■ What you have to do ■
Repeat the entries below exactly. Drop the pictures.

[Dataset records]
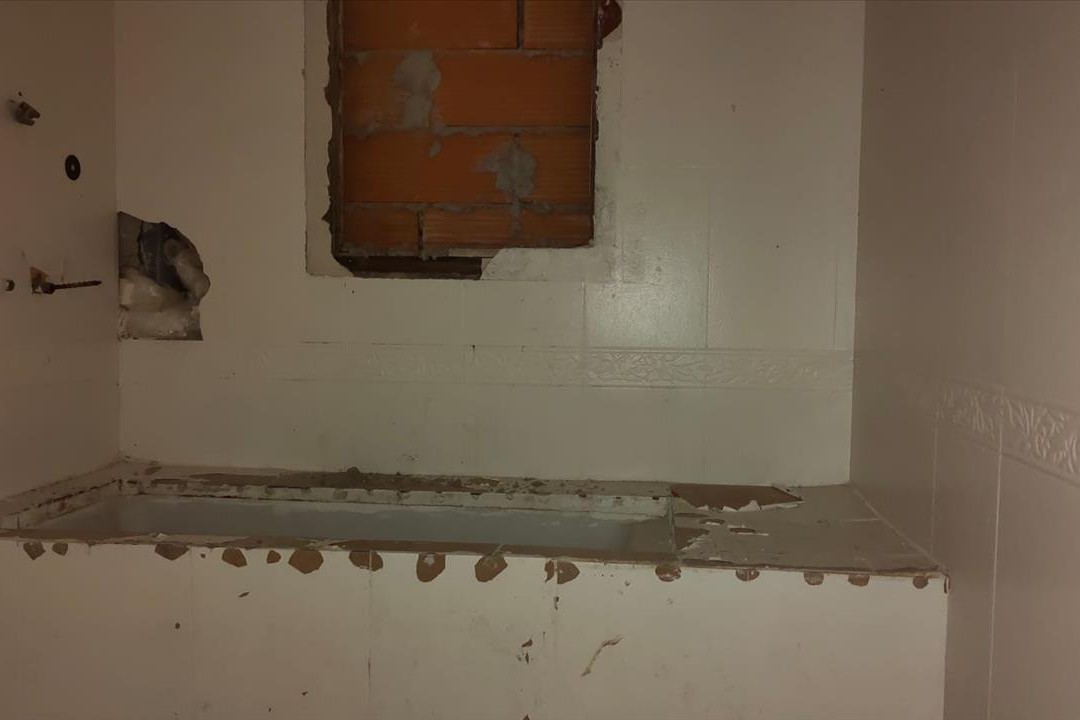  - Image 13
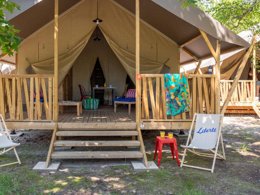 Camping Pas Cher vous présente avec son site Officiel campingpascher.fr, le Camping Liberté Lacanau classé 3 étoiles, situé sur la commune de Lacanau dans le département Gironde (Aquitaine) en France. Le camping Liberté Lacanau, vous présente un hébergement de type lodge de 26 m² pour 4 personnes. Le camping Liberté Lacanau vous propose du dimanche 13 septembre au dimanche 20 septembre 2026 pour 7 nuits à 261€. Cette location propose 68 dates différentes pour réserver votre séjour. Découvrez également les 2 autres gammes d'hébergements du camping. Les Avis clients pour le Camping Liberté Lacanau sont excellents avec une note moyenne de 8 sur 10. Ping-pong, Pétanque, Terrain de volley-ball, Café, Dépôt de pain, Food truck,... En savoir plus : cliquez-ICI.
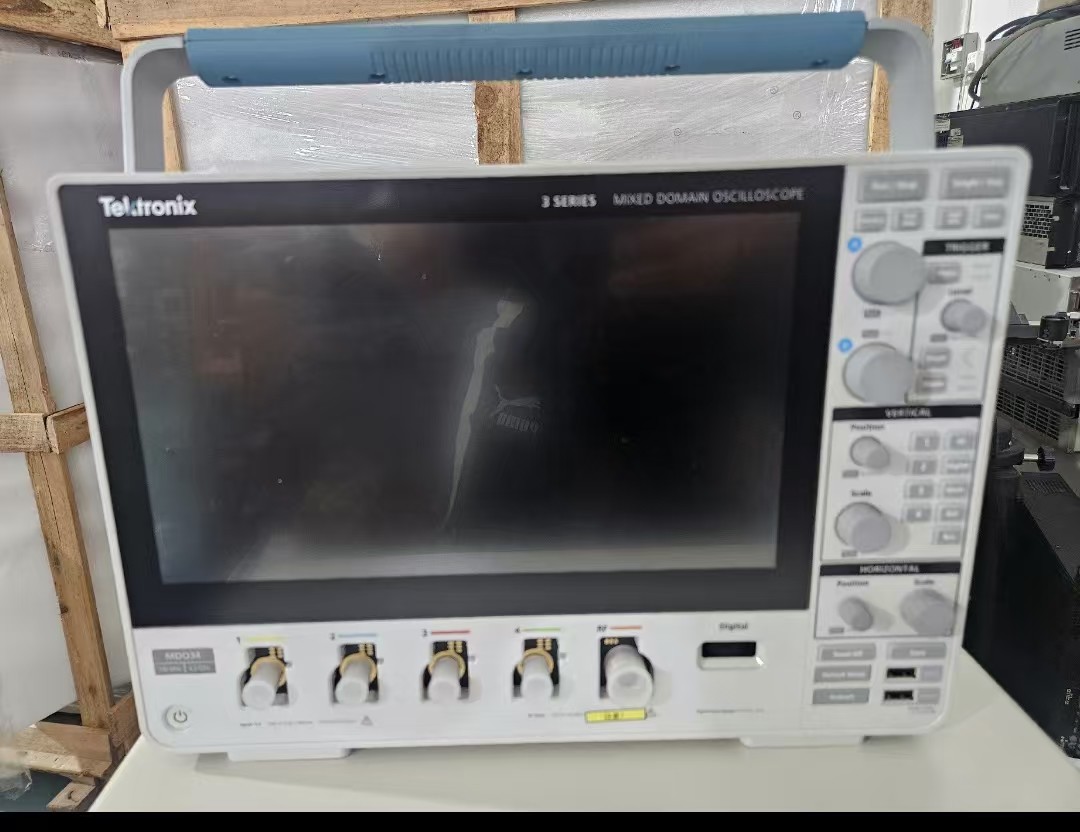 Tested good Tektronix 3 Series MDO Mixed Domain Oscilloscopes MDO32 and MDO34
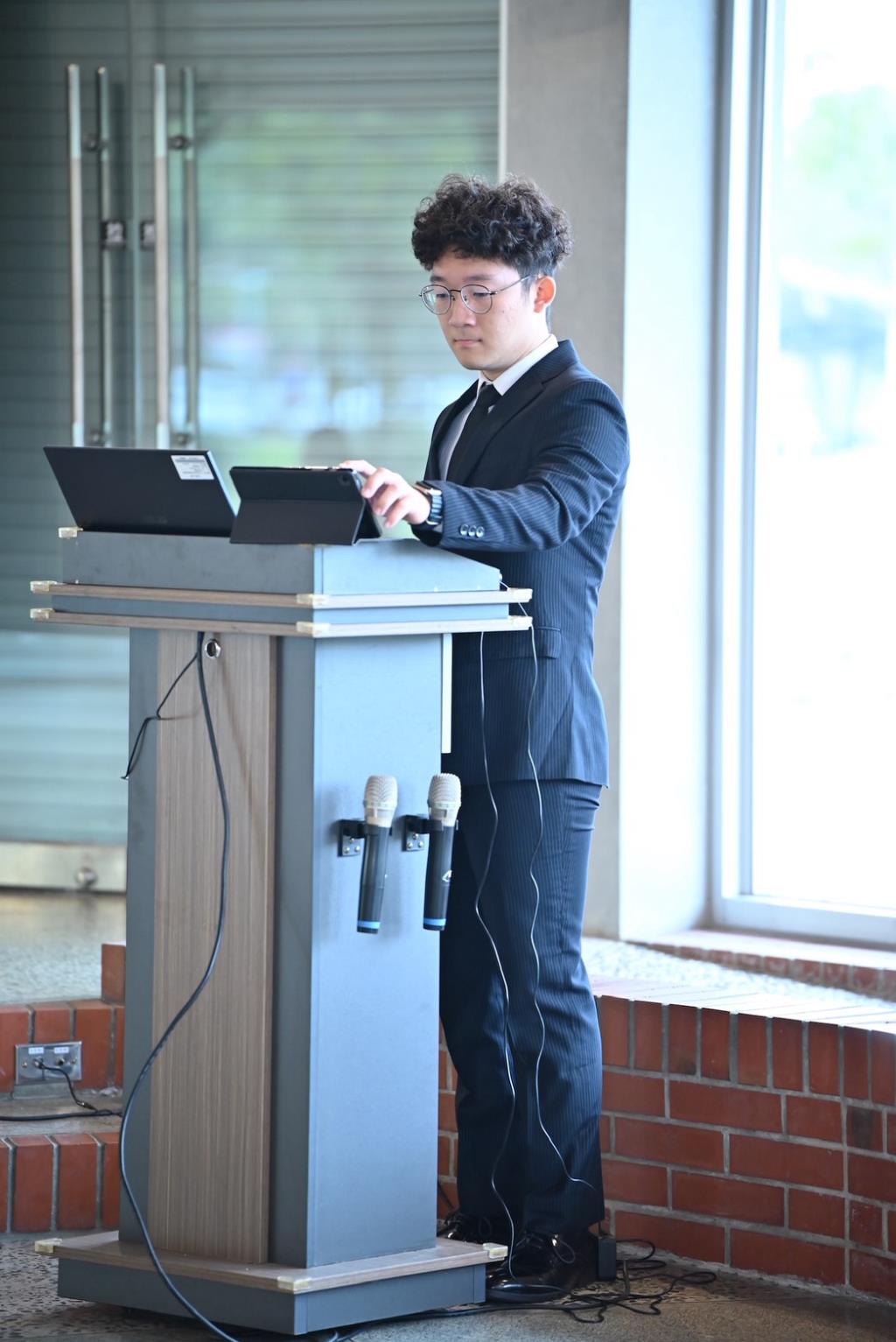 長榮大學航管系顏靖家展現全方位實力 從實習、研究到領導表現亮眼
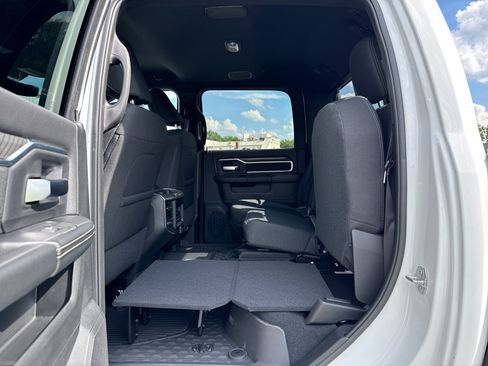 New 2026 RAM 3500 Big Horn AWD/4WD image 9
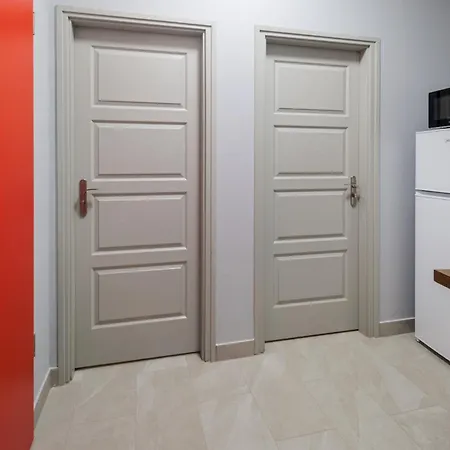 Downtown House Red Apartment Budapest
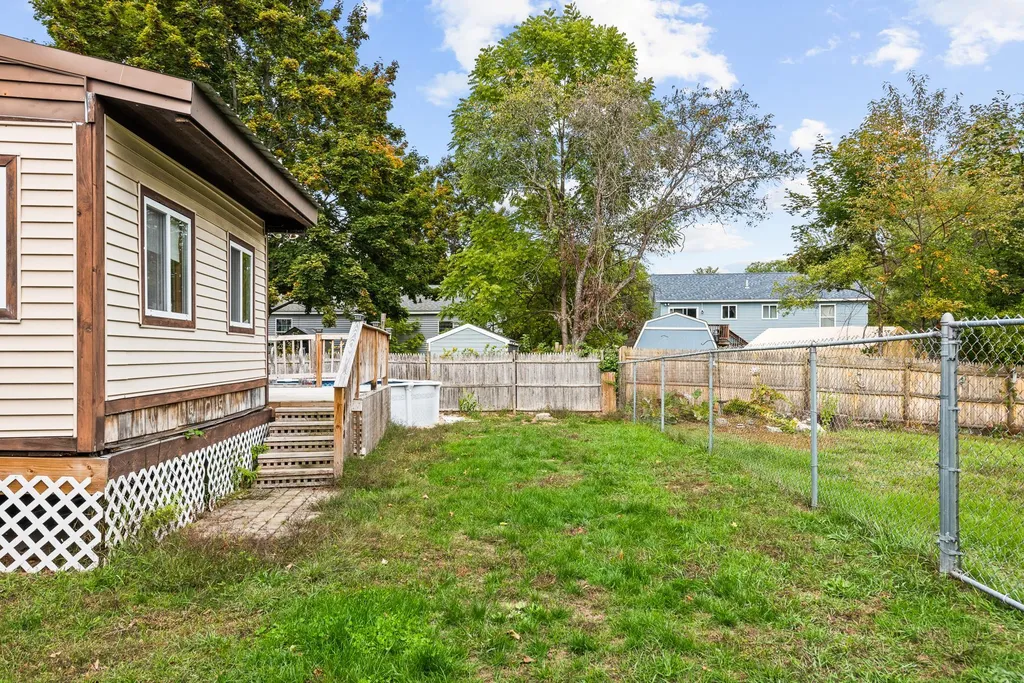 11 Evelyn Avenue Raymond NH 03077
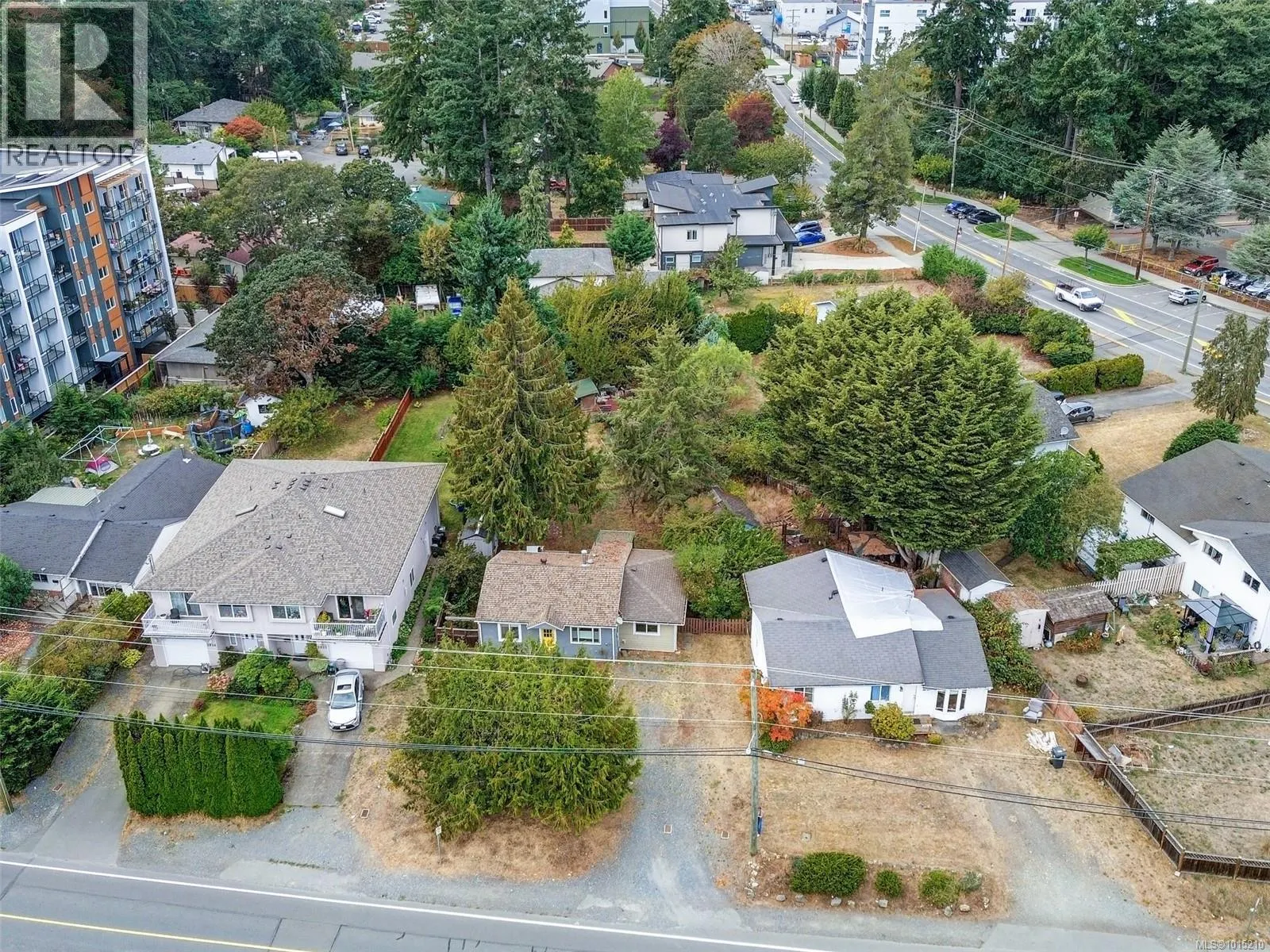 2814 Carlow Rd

■ Solution for this task ■
  - Image 13
 Camping Pas Cher vous présente avec son site Officiel campingpascher.fr, le Camping Liberté Lacanau classé 3 étoiles, situé sur la commune de Lacanau dans le département Gironde (Aquitaine) en France. Le camping Liberté Lacanau, vous présente un hébergement de type lodge de 26 m² pour 4 personnes. Le camping Liberté Lacanau vous propose du dimanche 13 septembre au dimanche 20 septembre 2026 pour 7 nuits à 261€. Cette location propose 68 dates différentes pour réserver votre séjour. Découvrez également les 2 autres gammes d'hébergements du camping. Les Avis clients pour le Camping Liberté Lacanau sont excellents avec une note moyenne de 8 sur 10. Ping-pong, Pétanque, Terrain de volley-ball, Café, Dépôt de pain, Food truck,... En savoir plus : cliquez-ICI.
 Tested good Tektronix 3 Series MDO Mixed Domain Oscilloscopes MDO32 and MDO34
 長榮大學航管系顏靖家展現全方位實力 從實習、研究到領導表現亮眼
 New 2026 RAM 3500 Big Horn AWD/4WD image 9
 Downtown House Red Apartment Budapest
 11 Evelyn Avenue Raymond NH 03077
 2814 Carlow Rd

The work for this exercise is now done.